__Exercise__
Below are the entries. Print only the lines starting at the one with "9 mm wide/High" and ending at the one with "The interior of", exactly, with no pictures.

Records provided below:

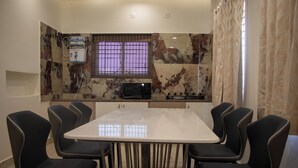 A dining area with a white table and black chairs, a microwave, and a water dispenser on the wall.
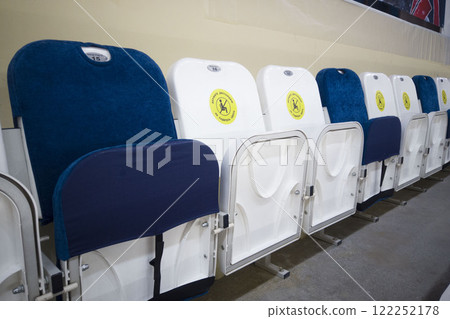 locked chairs at the stadium during the pandemic locked chairs at the stadium during the pandemic 122252178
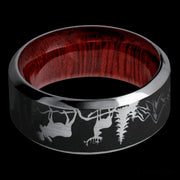 9 mm wide/High Bevel/Tantalum band with a laser carved Bear Moose Deer Mountain pattern also featuring a Blood Wood sleeve.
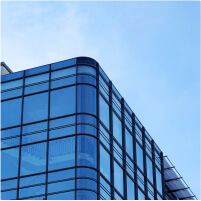 modern glass facade office building against blue sky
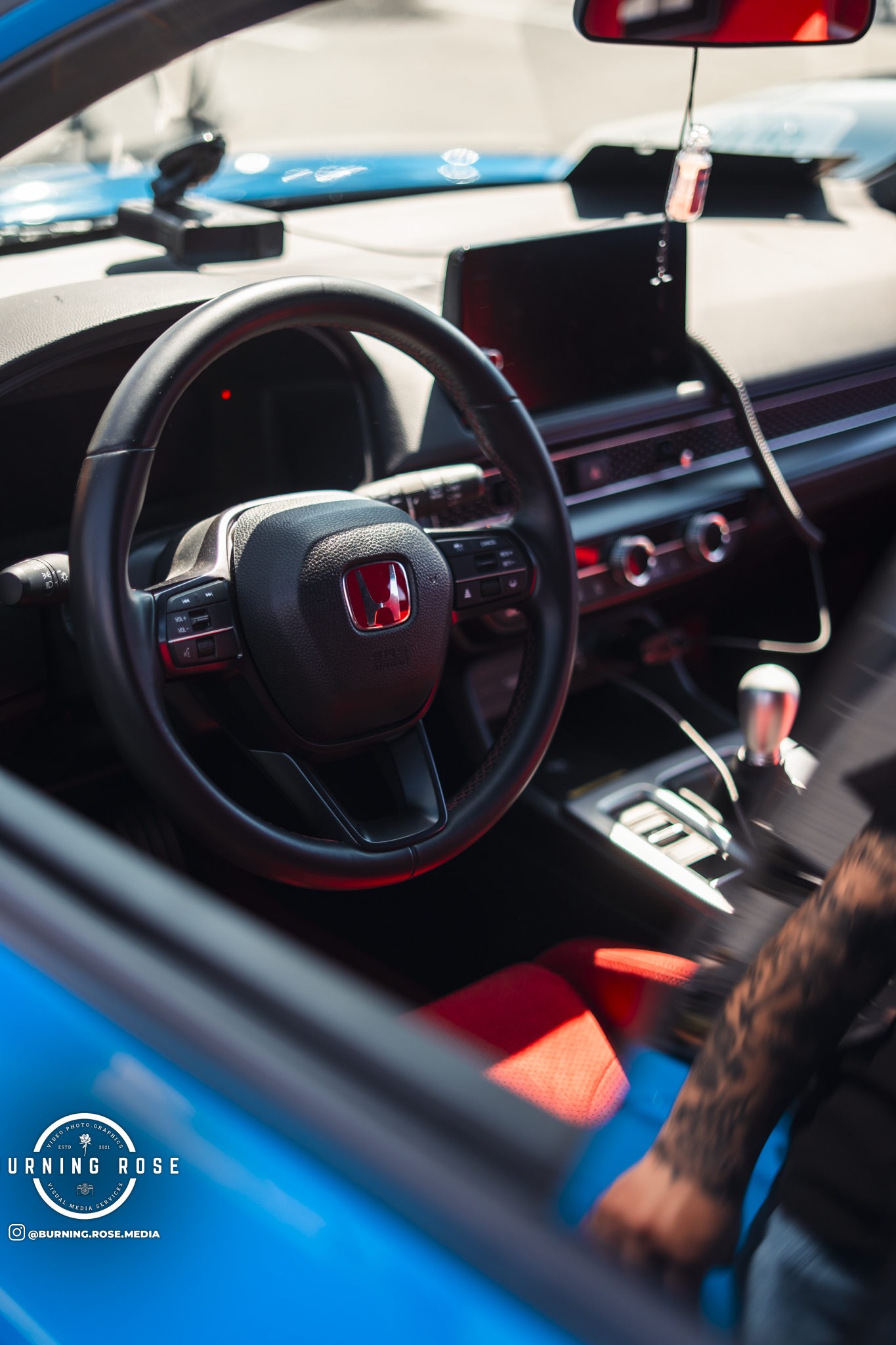 The interior of a car showing the steering wheel with Honda logo, dashboard, center console, and a red seat or cushion on the driver's seat. Sunlight illuminates parts of the interior through the windows.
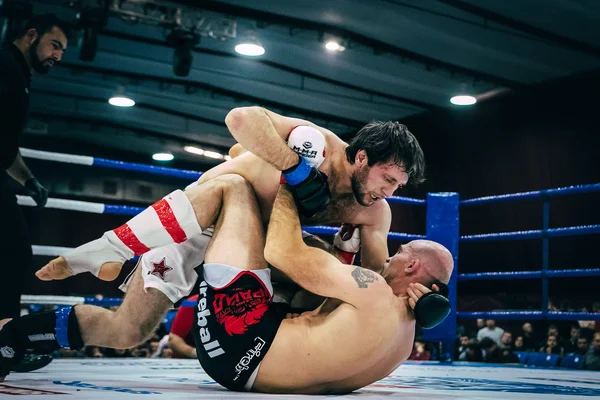 Ground fighting is of two athletes of mixed martial arts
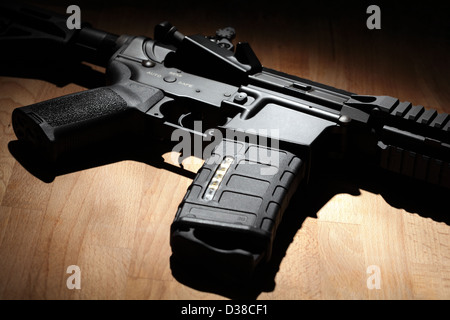 Modern custom AR-15 (M4A1) carbine on a wooden surface. Studio shot ...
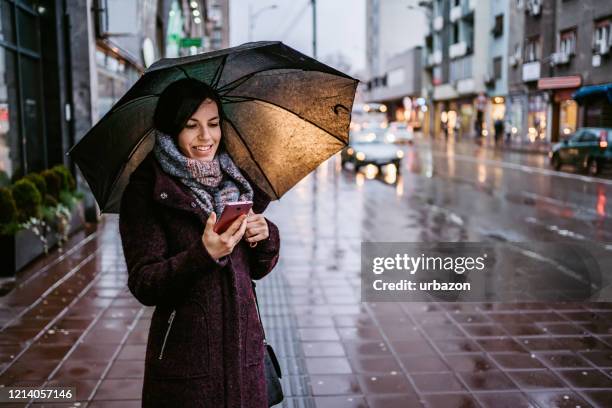 woman using smartphone downtown in rain - rainy weather stock pictures, royalty-free photos & images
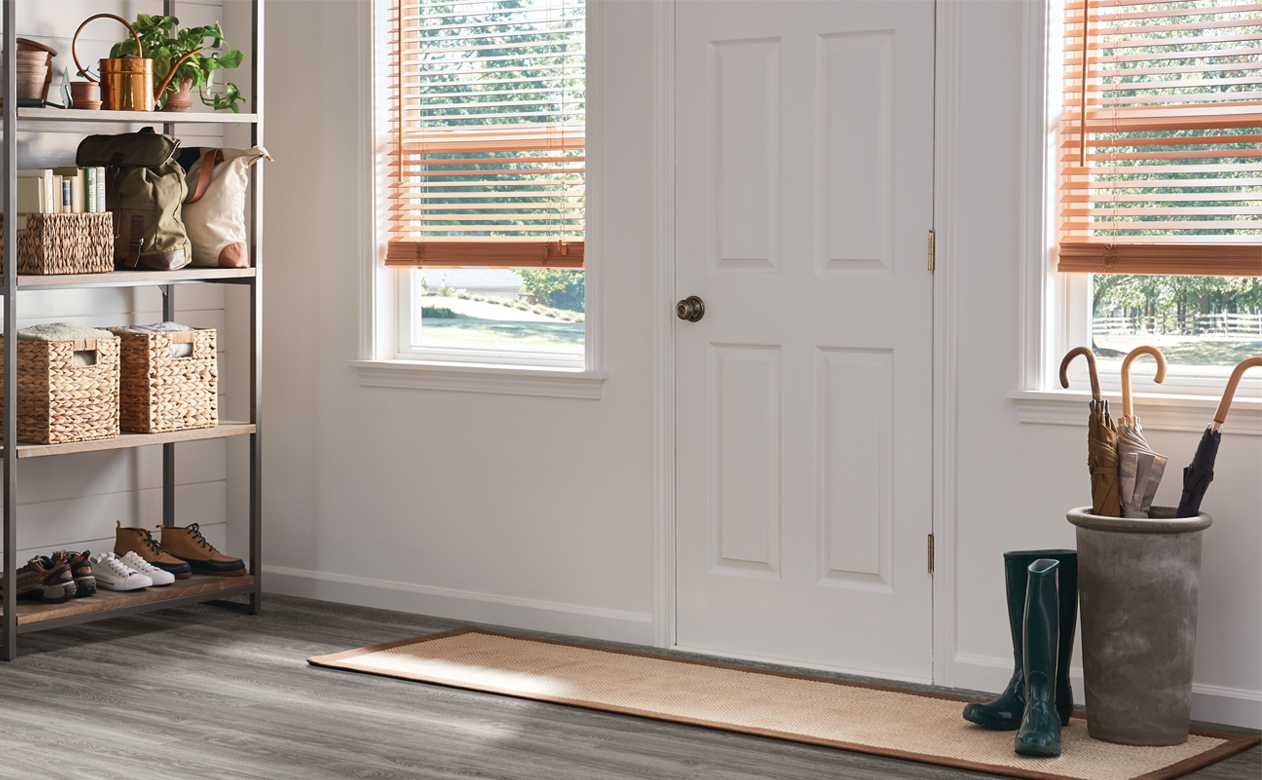 custom wood blinds in entry way by front door with vinyl wood look flooring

End of Records provided.

__Completed task__
 9 mm wide/High Bevel/Tantalum band with a laser carved Bear Moose Deer Mountain pattern also featuring a Blood Wood sleeve.
 modern glass facade office building against blue sky
 The interior of a car showing the steering wheel with Honda logo, dashboard, center console, and a red seat or cushion on the driver's seat. Sunlight illuminates parts of the interior through the windows.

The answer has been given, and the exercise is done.